Carla Bley/Andy Sheppard/Steve Swallow - Life Goes On
C
ECM/Newartsinternational
En évoquant le nom de Carla Bley, on pense immanquablement à la compositrice de « Escalator over the Hill » qu’elle interpréta avec le « Jazz Composer’s Orchestra » qu’elle créa avec son ami Mike Mantler, une musique mêlant musiciens de jazz, de rock et de musique du monde, un sorte de miroir des styles de la pianiste-compositrice.
Elle travaille aussi comme à l’arrangement du disque « Liberation Music Orchestra » de Charlie Haden qui affiche l’engagement politique de Haden tout autant que de Bley. Cinquante ans plus tard, Carla est toujours là, à la composition et au clavier, mais aussi comme on va le voir, fidèle à ses opinions.
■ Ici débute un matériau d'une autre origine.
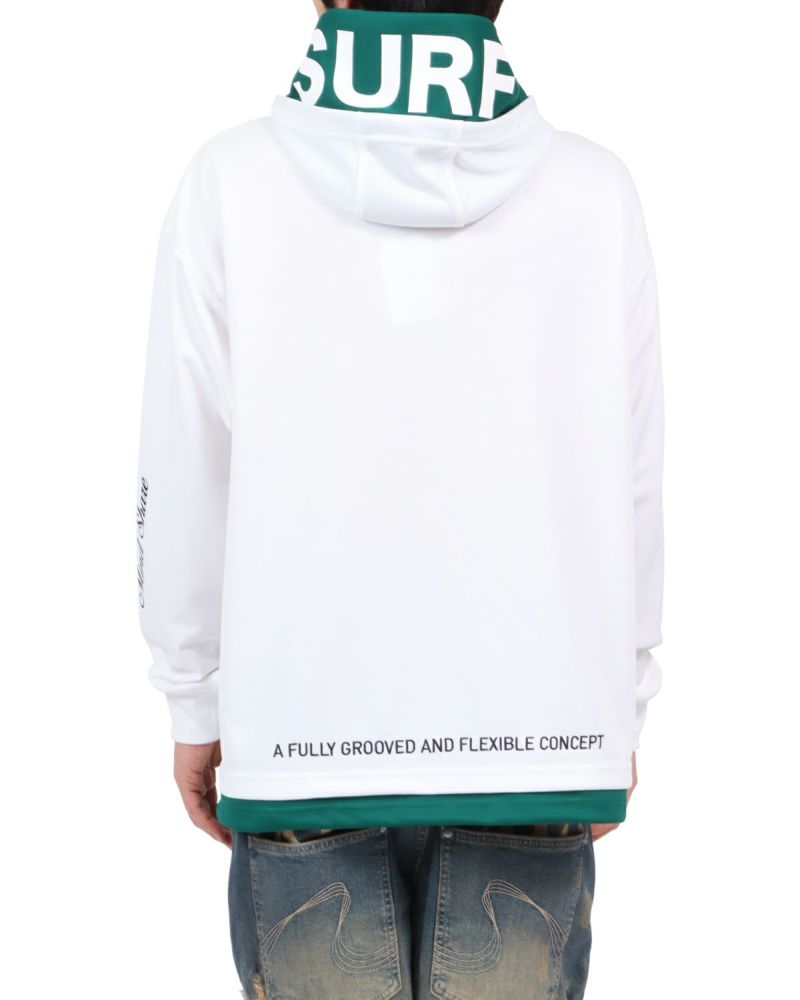 ホワイト：180cm67kg(Lサイズ着用)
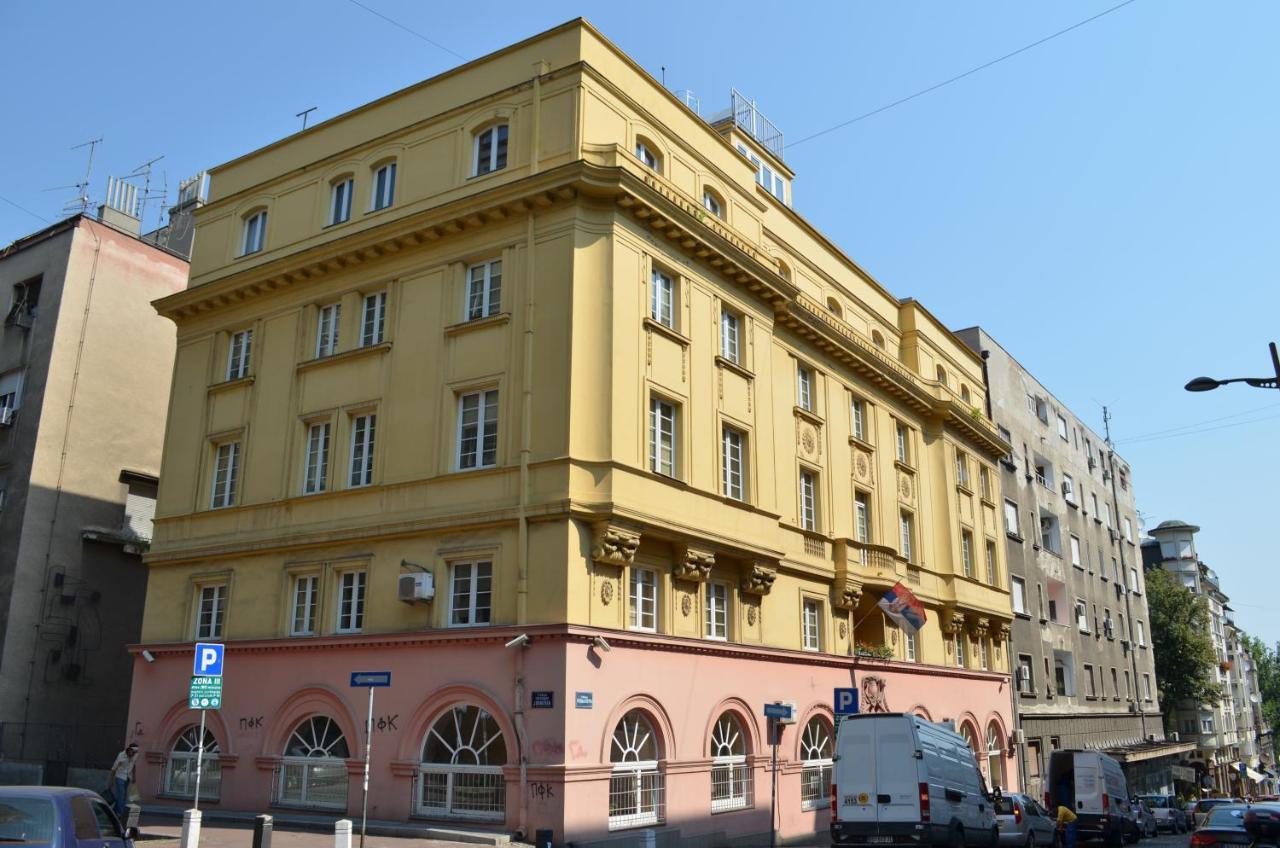 Petar Drapsin Hostel Belgrád Kültér fotó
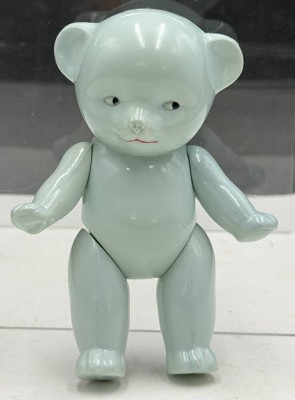 Auktion 370<br>Antike Kinder Baby Rassel-Celluloid Bär Teddy-Schildkröt-H-12 cm [1]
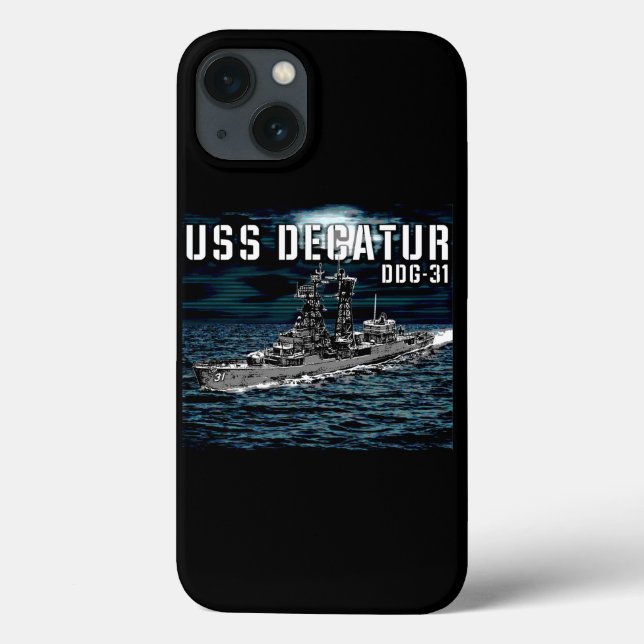 Guided missile destroyer Decatur Case-Mate iPhone Case (Back)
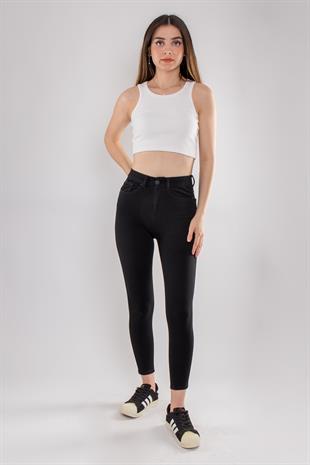 409 Büyük Beden Narnia Yüksek Bel Kadın Pantolon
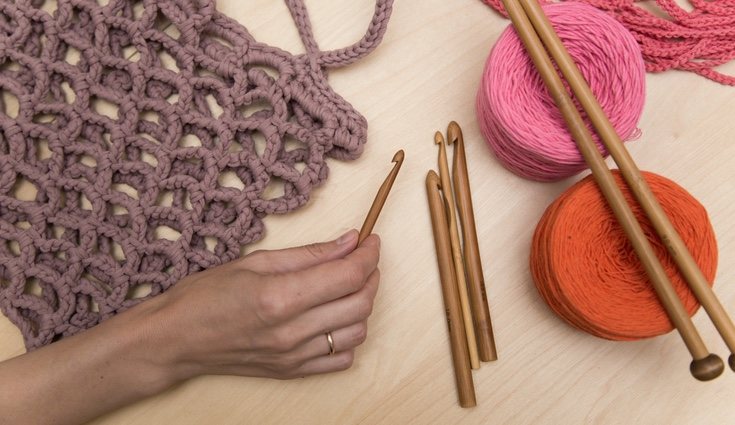 El bolso de ganchillo admite todo tipo de cierres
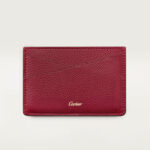 Panthère Graphique De Cartier Simple Card Holder Embodies Refined Elegance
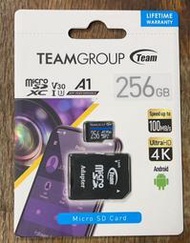 新莊 內湖 自取價480元 Team 十銓 ELITE 256GB microSDXC U3 A1 V30 記憶卡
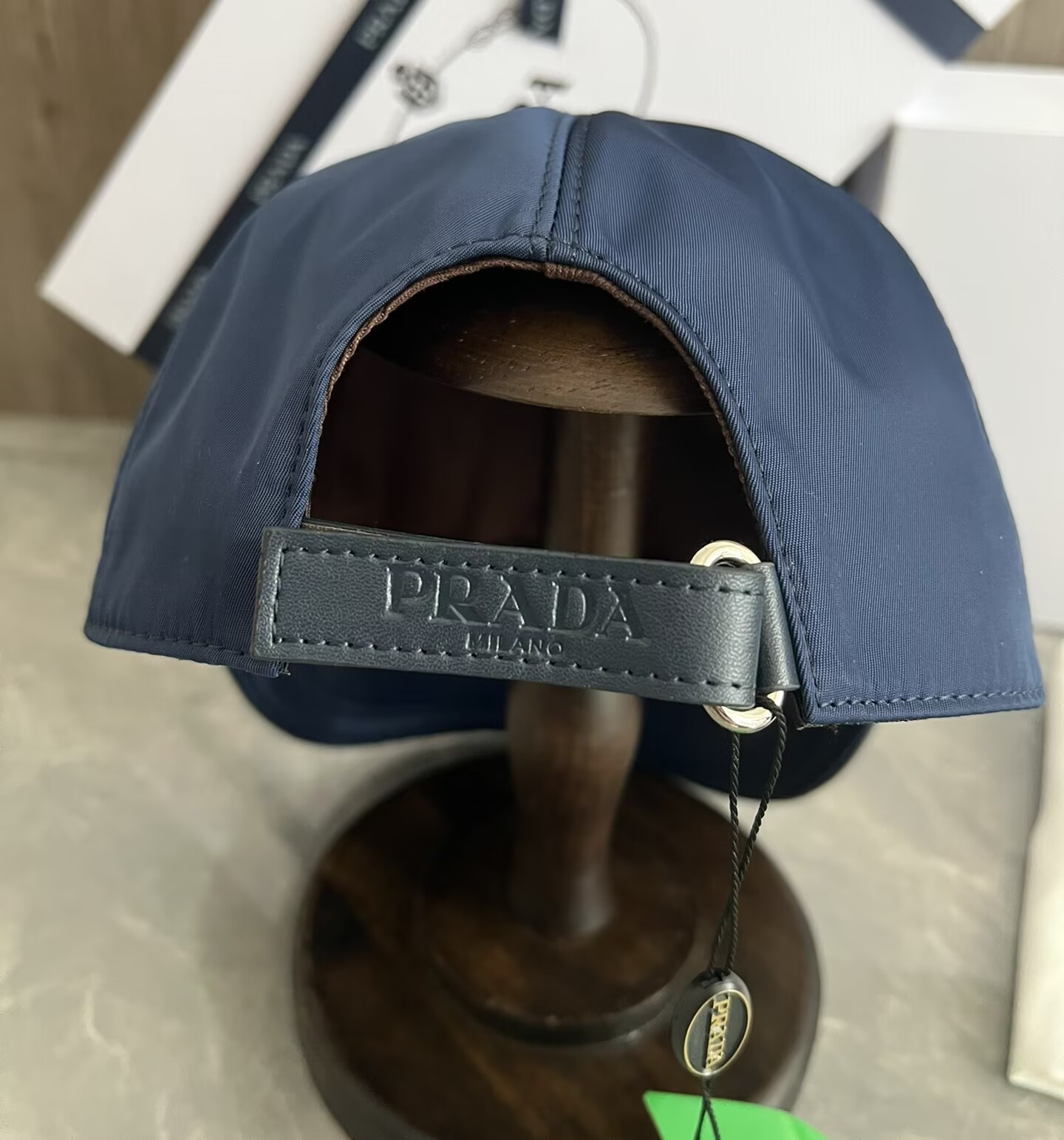 Prada Unisex Blue Nylon baseball cap | adjustable size | Gift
Steve Swallow, Andy Sheppard forment depuis plus de vingt-cinq ans un trio qu’on pourrait définir comme inclassable, si ce n’est qu’il porte bien la marque de la pianiste: ce nouvel album est donc bien du Bley pur jus.
Enregistré à l’Auditorio Stelio Molo Studio de Lugano, sous l’œil attentif de Manfred Eicher, ce nouvel album ne comporte que des compositions originales qui se divisent en trois « suites » : la première « Life Goes On » est une sorte de clin d’œil à la longue collaboration qui unit Bley, Swallow et Sheppard, avec les accents bluesy du piano en ouverture, les épisodes plus mélancoliques au centre de l’œuvre et une claire vision d’espérance en fin du quatrième volet.
Plus de cinquante après le premier « Liberation Music Orchestra », on retrouve toute l’ironie de Carla Bley dans le titre de la deuxième suite de l’album : « Beautiful Telephones » est inspiré par les premiers mots de Donald Trump lors de son entrée dans le bureau ovale de la Maison Blanche… « Copycat » constitue en un trialogue permanent entre piano, basse et sax. Si Carla Bley n’ a jamais été une des grandes virtuoses du clavier, son style très personnel fait de tradition – le blues est sous-entendu dans tout l’album – de phrases pleines d’humour et d’ironie, de phrasés monkiens, d’influences classiques contemporaines font le charme de cet album.
Tout comme l’excellente inspiration de Steve Swallow que je ne me souviens pas avoir entendu aussi en forme. Andy Sheppard aux saxophones ténor et soprano s’amuse à souligner les traits, à disserter avec élégance, à apporter un souffle bienvenu dans ces histoires toutes de la plume de la pianiste. A quatre-vingts ans passés, Carla Bley parvient toujours à nous enchanter.